SUPPLIED INFORMATION:

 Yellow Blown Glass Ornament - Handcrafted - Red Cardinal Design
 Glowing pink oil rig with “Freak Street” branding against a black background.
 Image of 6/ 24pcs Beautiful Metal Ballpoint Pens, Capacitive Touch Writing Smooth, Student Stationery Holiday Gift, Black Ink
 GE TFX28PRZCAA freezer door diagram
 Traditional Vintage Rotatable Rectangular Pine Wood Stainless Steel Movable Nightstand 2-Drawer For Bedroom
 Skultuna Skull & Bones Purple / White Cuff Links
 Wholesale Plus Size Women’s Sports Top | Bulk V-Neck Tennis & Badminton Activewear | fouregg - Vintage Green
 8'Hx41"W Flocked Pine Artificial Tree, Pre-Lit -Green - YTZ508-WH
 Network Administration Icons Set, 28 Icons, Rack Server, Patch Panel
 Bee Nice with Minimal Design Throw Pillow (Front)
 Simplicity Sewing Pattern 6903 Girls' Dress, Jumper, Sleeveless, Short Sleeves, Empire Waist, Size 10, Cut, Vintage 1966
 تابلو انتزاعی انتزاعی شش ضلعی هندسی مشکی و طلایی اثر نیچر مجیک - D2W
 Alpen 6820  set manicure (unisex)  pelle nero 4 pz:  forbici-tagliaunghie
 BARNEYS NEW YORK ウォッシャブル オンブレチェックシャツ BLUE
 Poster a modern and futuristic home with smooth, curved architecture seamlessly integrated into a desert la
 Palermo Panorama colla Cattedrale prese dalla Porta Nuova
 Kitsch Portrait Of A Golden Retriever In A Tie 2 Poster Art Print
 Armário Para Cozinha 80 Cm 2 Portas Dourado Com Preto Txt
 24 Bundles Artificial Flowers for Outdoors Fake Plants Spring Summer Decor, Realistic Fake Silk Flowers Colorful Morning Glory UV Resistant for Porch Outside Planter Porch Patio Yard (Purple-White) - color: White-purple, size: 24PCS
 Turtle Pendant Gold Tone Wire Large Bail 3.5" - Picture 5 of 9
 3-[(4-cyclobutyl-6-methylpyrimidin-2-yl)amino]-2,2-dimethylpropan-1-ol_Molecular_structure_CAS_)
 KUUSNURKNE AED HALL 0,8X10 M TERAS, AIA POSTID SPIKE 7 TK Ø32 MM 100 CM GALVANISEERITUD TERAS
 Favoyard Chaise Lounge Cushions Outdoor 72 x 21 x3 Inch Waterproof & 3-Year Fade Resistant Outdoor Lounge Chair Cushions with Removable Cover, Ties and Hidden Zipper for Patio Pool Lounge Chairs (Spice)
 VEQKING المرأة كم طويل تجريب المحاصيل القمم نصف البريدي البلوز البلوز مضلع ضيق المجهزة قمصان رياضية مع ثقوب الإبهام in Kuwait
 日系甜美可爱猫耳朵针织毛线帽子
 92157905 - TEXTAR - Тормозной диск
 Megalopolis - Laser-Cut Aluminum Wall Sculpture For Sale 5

ACTIVITY:
Transcribe the data. Leave every line exactly as it is.

OUTPUT FOR THIS EXERCISE:
 Yellow Blown Glass Ornament - Handcrafted - Red Cardinal Design
 Glowing pink oil rig with “Freak Street” branding against a black background.
 Image of 6/ 24pcs Beautiful Metal Ballpoint Pens, Capacitive Touch Writing Smooth, Student Stationery Holiday Gift, Black Ink
 GE TFX28PRZCAA freezer door diagram
 Traditional Vintage Rotatable Rectangular Pine Wood Stainless Steel Movable Nightstand 2-Drawer For Bedroom
 Skultuna Skull & Bones Purple / White Cuff Links
 Wholesale Plus Size Women’s Sports Top | Bulk V-Neck Tennis & Badminton Activewear | fouregg - Vintage Green
 8'Hx41"W Flocked Pine Artificial Tree, Pre-Lit -Green - YTZ508-WH
 Network Administration Icons Set, 28 Icons, Rack Server, Patch Panel
 Bee Nice with Minimal Design Throw Pillow (Front)
 Simplicity Sewing Pattern 6903 Girls' Dress, Jumper, Sleeveless, Short Sleeves, Empire Waist, Size 10, Cut, Vintage 1966
 تابلو انتزاعی انتزاعی شش ضلعی هندسی مشکی و طلایی اثر نیچر مجیک - D2W
 Alpen 6820  set manicure (unisex)  pelle nero 4 pz:  forbici-tagliaunghie
 BARNEYS NEW YORK ウォッシャブル オンブレチェックシャツ BLUE
 Poster a modern and futuristic home with smooth, curved architecture seamlessly integrated into a desert la
 Palermo Panorama colla Cattedrale prese dalla Porta Nuova
 Kitsch Portrait Of A Golden Retriever In A Tie 2 Poster Art Print
 Armário Para Cozinha 80 Cm 2 Portas Dourado Com Preto Txt
 24 Bundles Artificial Flowers for Outdoors Fake Plants Spring Summer Decor, Realistic Fake Silk Flowers Colorful Morning Glory UV Resistant for Porch Outside Planter Porch Patio Yard (Purple-White) - color: White-purple, size: 24PCS
 Turtle Pendant Gold Tone Wire Large Bail 3.5" - Picture 5 of 9
 3-[(4-cyclobutyl-6-methylpyrimidin-2-yl)amino]-2,2-dimethylpropan-1-ol_Molecular_structure_CAS_)
 KUUSNURKNE AED HALL 0,8X10 M TERAS, AIA POSTID SPIKE 7 TK Ø32 MM 100 CM GALVANISEERITUD TERAS
 Favoyard Chaise Lounge Cushions Outdoor 72 x 21 x3 Inch Waterproof & 3-Year Fade Resistant Outdoor Lounge Chair Cushions with Removable Cover, Ties and Hidden Zipper for Patio Pool Lounge Chairs (Spice)
 VEQKING المرأة كم طويل تجريب المحاصيل القمم نصف البريدي البلوز البلوز مضلع ضيق المجهزة قمصان رياضية مع ثقوب الإبهام in Kuwait
 日系甜美可爱猫耳朵针织毛线帽子
 92157905 - TEXTAR - Тормозной диск
 Megalopolis - Laser-Cut Aluminum Wall Sculpture For Sale 5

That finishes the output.